In my first extensively historiographical course in college, every time someone made a point about "scientists" or "feminists" or "social radicals," the professor would stop the conversation and ask, "but is that what they would have called themselves? How would they have defined their activities?" I was struck again by the importance of this question of self definition while reading Conner's blog post, in which he discusses experimenting with a pagan identity, and how attending the solstice helped to shape this identity through an experience of community.
In class, we encountered this issue repeatedly over the past week, while struggling with questions like "what is a heretic?" and "what is a Lollard?" "Lollard" itself is a term loaded with problematic associations: outside of its particular historical context, it means very little, but in the middle ages it was often an indistinct pejorative, as we saw in The Book of Margery Kempe. In the primary source documents we've read, none of the "Lollard" writers identify themselves as such; rather, they put the title in the mouths of ecclesiastical authorities: "... men which [bischoppis] clepen Lollardis (Bishop, 19)." Nor, as these documents further reveal, were their belief systems always identical.
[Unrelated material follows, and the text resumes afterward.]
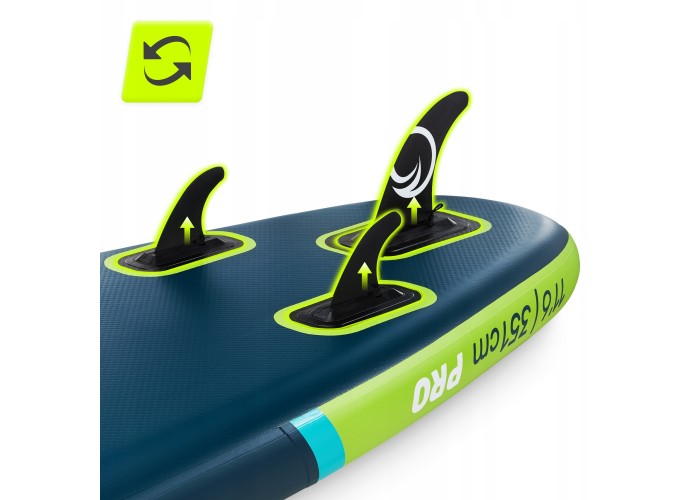 Надувна SUP дошка TSUNAMI PRO 350 см з веслом T14 (P-5905973405621)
Rather than opting to call themselves Lollards or heretics or even Wycliffites, the authors we've been reading self-identify as "pore men" and "trewe cristen men." Their identity is loosely grounded in a conviction in the importance of strict adherence to scripture and the commandments. They order their business, govern their household, and select their associates accordingly.
Unfortunately, the surviving records-- mainly either polemics or heresy trials-- make it easy to misread the movement as entirely grounded in opposition to the church, rather than a belief system with positivist claims. This has furthered a teleological view of these texts and their authors as a movement leading towards inevitable Protestant reformation-- indeed, as a premature reformation. Certainly the "trewe cristen men" were interested in personal reform-- in the care of their souls and the careful ordering of their households and social networks-- but we have yet to encounter, in the texts we've read, any investment in over-arching church overhaul. The "trewe men" place themselves outside of the church, but they don't take a hammer to its statuary or throw rocks through its windows.
In order to work with these texts as they are, and not through the lens of later agendas, we must begin by interrogating the claims that the authors make about themselves in their own historical moment. Now, as then, "Lollard" is a term that must be handled with care.